Problem to work on
Include only the line with "Parking | Bridge House, Holmfirth" and the lines after it, each reproduced exactly as it stands in the entries below.

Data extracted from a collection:

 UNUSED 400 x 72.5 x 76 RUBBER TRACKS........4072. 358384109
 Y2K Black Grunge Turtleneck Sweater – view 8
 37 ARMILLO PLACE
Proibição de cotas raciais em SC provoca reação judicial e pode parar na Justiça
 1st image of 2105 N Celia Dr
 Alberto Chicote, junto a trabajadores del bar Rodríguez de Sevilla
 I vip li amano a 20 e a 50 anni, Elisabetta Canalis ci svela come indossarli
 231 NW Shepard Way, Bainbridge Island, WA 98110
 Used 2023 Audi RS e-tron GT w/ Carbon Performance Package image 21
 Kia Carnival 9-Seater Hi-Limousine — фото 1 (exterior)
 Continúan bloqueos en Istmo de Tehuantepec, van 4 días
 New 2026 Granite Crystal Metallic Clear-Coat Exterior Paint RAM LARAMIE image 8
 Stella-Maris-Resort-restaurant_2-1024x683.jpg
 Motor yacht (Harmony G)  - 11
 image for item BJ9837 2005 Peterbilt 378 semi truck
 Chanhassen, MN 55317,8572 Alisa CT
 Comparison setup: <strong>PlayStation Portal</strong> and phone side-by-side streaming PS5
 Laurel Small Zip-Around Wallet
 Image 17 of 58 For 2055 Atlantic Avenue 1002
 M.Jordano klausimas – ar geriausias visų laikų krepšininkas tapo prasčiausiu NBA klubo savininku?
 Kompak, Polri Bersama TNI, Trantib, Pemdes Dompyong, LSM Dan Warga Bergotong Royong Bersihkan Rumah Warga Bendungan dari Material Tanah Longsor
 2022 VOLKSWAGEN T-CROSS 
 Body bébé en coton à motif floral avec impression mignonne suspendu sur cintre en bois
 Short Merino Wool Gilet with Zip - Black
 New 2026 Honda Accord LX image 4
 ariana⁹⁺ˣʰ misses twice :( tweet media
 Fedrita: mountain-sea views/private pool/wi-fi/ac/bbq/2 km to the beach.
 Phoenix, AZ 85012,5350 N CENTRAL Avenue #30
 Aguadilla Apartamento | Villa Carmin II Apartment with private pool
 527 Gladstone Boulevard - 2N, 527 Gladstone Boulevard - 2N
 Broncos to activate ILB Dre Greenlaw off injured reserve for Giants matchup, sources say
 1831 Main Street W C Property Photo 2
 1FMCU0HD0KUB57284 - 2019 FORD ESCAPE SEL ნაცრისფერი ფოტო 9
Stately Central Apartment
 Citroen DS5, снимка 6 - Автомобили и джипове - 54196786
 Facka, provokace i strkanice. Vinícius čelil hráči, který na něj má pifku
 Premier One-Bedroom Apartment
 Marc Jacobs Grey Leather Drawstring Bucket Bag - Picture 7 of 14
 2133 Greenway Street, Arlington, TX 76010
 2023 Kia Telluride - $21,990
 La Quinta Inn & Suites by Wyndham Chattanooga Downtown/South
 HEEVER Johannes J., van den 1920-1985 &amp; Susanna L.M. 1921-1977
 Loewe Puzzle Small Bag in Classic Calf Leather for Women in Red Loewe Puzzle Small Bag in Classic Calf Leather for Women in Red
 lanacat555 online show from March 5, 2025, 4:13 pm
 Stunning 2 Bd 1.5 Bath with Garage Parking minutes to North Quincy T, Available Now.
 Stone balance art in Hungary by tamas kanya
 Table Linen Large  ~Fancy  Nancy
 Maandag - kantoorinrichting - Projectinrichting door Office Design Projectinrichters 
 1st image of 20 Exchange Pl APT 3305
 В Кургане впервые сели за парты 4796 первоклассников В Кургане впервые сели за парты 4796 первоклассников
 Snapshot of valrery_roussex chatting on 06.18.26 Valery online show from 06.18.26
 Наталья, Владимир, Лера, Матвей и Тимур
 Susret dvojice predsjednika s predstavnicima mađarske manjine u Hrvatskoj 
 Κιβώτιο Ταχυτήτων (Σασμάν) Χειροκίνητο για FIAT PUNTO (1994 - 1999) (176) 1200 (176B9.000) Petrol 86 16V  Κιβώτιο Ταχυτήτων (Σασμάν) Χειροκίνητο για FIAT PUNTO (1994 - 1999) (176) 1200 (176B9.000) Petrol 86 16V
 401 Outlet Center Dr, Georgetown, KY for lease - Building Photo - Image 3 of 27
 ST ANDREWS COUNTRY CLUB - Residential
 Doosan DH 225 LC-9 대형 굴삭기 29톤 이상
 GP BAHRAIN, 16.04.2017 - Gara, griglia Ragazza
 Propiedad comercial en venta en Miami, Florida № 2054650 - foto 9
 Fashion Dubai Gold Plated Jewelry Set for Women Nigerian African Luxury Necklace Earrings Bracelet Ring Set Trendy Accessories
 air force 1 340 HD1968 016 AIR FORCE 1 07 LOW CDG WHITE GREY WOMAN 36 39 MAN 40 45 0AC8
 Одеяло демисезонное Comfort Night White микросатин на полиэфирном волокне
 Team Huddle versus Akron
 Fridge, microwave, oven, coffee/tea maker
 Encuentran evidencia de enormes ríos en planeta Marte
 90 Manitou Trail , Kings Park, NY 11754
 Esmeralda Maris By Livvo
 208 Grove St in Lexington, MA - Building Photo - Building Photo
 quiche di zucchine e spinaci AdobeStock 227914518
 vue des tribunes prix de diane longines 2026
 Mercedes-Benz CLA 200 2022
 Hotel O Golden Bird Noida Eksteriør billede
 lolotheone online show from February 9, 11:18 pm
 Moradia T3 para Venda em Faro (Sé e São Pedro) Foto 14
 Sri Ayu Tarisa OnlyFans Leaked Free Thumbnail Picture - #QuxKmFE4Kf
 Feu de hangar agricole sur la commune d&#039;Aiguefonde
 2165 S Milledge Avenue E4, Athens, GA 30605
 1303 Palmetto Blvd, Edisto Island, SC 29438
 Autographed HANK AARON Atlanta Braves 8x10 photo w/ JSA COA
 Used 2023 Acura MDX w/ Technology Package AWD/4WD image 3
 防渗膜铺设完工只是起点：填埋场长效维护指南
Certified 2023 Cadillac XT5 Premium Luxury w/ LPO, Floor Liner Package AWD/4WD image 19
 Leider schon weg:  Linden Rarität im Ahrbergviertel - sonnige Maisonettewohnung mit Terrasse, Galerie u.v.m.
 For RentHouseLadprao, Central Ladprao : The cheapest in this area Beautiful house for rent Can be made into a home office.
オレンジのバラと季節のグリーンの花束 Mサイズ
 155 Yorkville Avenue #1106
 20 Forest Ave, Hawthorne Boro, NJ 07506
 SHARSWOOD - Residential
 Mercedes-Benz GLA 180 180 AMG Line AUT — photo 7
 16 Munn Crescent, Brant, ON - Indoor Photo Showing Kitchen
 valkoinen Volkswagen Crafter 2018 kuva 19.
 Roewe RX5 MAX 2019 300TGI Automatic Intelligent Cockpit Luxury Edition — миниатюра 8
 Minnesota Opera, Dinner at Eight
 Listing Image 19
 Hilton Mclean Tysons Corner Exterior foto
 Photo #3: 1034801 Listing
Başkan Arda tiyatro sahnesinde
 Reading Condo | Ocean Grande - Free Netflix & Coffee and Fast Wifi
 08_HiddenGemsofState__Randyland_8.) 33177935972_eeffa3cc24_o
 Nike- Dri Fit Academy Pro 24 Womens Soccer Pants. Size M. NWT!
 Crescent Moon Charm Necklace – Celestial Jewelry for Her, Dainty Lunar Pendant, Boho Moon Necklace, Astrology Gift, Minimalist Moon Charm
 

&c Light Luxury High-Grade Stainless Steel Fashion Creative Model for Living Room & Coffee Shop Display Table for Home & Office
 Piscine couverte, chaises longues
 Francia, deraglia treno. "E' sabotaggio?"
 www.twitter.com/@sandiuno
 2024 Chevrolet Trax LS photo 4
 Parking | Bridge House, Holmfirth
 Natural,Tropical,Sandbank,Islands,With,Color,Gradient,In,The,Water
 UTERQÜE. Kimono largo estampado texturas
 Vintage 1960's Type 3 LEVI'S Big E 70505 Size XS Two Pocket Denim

Answer below
 Parking | Bridge House, Holmfirth
 Natural,Tropical,Sandbank,Islands,With,Color,Gradient,In,The,Water
 UTERQÜE. Kimono largo estampado texturas
 Vintage 1960's Type 3 LEVI'S Big E 70505 Size XS Two Pocket Denim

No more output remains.